NAG FISHERY CO-MANAGEMENT
At a time when fish resources are being exploited, co-management systems work to ensure all our fisheries are ecologically sustainable. Many of Myanmar coastal fisheries are now either unmanaged or under some form of limited management. Through different donors, NAG spent about one decade in Rakhine, Ayeyarwaddy, Bago, Mon and Tanintharyi – all to initiate and enhance co-management. Apart from the economic and social value to our coastal region of having healthy fish stocks for the future, regional consumption rate is also gradually increasing. Managing coastal fisheries to the highest standards is therefore vital to the long-term viability of fishing sector. Fostering co-management is implemented through a series of legislated plans, regulations, orders and license conditions. These are developed in conjunction with industry, elite groups-the rich and the authorities, associations and civil society groups.
Strengthening the skills of DoF staff & local community
We work on strategy and policy, and we will establish a training center for the people who work for the fishers. We have been building the capacity of DoF staff their skills to be more effective supporters.
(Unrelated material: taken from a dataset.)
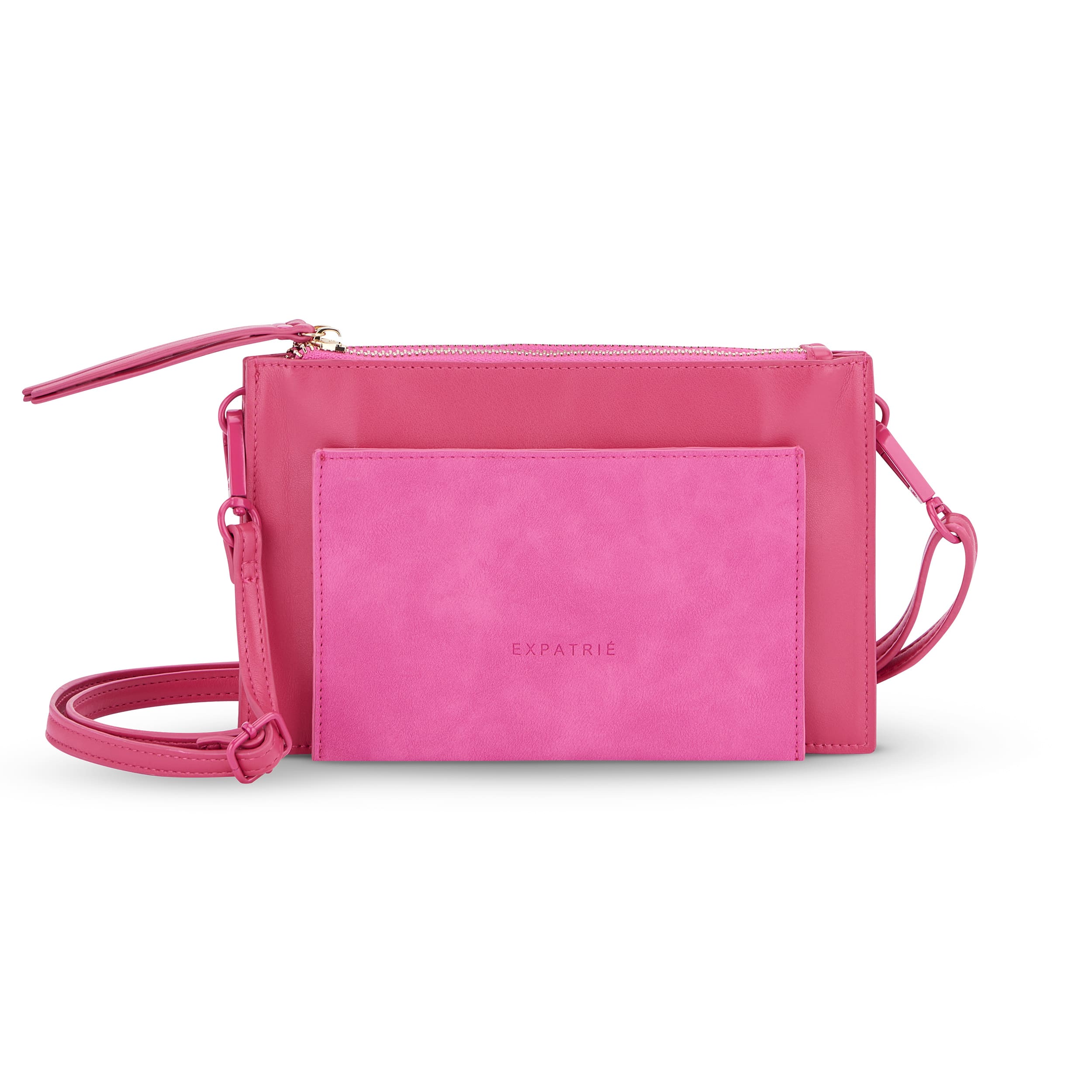 Expatrié Clutch Isabelle Umhängetasche in modernem Pink mit abnehmbarem vorderem Fach und verstellbarem Riemen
We talk with them; we run workshops/meetings for them; we facilitate communities’ voice for land rights; we share key expert’s findings; we write policies and procedures. We have met the ministers of each coastal region and state to advocate for fishers.
Accomplishment in reducing resource exploitation
It is crucial to provide the fishery community a proper value chain training for not only catch but processing, usually done by women. We know, because we’ve been working for them since Nargis 2008. Communities have already practiced co-management in Rakhine and part of Ayeyarwaddy- Pyar Pon and Daedaye Tsp. We already imposed parliament to consider co-management as a component of Ayeyarwaddy fresh water fishery laws. In Mon state, Aungkanthar village was approved by the minister as a co-management area.
Are we effective? We also support the community with revolving fund; and it provides them one channel to depict their desire for alternative good. How can we ever know what tragedies/losses we have prevented? Managing ecosystems and land erosion present considerable challenges. We believe with this dynamic approach, and with the support of the local community, we have the best chance of achieving our goal of sustainable fisheries management and securing the best social and economic outcomes for the region.